EXTRACTED RECORDS below:
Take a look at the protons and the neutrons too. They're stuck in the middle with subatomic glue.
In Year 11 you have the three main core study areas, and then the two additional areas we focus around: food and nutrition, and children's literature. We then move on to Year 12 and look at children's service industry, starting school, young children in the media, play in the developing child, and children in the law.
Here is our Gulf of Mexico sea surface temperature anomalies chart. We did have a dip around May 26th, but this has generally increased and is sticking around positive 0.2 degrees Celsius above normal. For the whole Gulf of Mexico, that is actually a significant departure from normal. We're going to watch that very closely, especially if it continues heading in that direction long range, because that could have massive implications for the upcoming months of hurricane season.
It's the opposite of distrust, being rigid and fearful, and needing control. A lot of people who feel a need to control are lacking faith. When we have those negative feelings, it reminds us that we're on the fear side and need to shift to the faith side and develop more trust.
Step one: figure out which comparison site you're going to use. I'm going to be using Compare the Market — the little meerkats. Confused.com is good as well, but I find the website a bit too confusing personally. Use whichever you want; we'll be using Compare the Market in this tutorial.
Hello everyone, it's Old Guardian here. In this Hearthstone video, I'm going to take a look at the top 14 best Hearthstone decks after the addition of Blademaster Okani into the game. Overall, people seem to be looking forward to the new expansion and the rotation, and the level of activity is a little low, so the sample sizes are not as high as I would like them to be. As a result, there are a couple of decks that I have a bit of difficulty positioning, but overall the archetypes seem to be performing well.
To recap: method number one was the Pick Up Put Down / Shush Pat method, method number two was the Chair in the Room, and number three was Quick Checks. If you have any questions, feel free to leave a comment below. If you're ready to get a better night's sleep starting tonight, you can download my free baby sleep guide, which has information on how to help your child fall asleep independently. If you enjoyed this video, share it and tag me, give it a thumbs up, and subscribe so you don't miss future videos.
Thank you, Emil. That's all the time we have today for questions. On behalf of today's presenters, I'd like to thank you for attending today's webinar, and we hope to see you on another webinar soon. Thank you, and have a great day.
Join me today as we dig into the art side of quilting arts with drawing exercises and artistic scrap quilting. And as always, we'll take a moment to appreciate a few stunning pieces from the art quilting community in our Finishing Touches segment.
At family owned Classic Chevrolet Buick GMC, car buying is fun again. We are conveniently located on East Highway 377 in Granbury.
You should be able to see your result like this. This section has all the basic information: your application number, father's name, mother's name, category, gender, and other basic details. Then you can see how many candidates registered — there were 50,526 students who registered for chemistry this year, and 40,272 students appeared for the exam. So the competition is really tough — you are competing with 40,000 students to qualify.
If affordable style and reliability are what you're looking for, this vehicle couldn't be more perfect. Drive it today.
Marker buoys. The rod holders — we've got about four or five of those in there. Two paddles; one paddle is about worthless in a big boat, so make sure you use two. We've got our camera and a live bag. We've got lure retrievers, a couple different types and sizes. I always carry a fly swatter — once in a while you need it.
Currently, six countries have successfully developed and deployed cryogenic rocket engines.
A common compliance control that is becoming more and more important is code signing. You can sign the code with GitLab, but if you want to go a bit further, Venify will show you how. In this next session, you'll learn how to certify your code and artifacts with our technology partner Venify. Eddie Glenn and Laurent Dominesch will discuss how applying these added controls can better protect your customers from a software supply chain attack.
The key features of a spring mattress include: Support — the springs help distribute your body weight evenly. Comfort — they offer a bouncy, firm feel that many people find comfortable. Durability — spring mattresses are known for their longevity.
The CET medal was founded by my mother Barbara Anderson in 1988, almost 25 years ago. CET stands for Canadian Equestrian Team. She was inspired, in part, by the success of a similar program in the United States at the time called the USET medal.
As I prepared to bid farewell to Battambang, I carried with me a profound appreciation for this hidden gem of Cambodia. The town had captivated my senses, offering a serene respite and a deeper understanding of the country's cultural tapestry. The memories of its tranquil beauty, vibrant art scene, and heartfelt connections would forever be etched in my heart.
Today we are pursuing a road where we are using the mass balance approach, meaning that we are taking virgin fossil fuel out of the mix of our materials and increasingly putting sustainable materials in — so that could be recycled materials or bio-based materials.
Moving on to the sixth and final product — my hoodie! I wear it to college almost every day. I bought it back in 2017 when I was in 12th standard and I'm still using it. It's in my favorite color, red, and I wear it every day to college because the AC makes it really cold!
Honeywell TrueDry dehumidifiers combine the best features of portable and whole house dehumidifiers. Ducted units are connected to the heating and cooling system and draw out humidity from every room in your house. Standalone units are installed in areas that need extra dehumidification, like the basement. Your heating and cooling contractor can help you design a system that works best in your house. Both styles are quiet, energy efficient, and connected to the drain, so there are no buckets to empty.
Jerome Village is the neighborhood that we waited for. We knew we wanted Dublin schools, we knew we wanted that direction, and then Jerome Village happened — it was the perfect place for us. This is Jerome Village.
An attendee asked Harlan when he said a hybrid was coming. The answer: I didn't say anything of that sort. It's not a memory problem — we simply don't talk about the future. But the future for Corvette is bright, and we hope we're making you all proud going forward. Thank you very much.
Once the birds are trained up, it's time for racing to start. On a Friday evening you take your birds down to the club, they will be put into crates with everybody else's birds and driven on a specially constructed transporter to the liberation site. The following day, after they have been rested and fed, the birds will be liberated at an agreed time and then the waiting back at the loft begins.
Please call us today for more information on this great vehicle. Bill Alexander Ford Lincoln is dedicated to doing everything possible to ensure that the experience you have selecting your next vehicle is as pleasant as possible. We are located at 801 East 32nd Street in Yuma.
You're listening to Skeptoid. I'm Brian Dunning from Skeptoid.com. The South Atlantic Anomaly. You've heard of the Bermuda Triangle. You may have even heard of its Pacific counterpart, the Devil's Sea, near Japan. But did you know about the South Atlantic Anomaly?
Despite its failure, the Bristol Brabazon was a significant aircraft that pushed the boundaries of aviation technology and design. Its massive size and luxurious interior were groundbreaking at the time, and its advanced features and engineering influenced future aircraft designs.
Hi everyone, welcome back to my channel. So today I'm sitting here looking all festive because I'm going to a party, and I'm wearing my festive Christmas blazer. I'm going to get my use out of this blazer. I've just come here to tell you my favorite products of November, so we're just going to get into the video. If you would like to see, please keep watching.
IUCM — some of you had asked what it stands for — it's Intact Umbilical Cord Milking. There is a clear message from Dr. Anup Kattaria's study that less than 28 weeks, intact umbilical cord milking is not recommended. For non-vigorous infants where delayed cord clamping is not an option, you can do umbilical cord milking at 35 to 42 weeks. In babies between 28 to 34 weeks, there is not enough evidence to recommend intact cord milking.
End of EXTRACTED RECORDS.
*WORK TO BE COMPLETED*: Wherever the word "really" turns up in a line of the entries above, copy that line.

*EXERCISE RESPONSE*:
You should be able to see your result like this. This section has all the basic information: your application number, father's name, mother's name, category, gender, and other basic details. Then you can see how many candidates registered — there were 50,526 students who registered for chemistry this year, and 40,272 students appeared for the exam. So the competition is really tough — you are competing with 40,000 students to qualify.
Moving on to the sixth and final product — my hoodie! I wear it to college almost every day. I bought it back in 2017 when I was in 12th standard and I'm still using it. It's in my favorite color, red, and I wear it every day to college because the AC makes it really cold!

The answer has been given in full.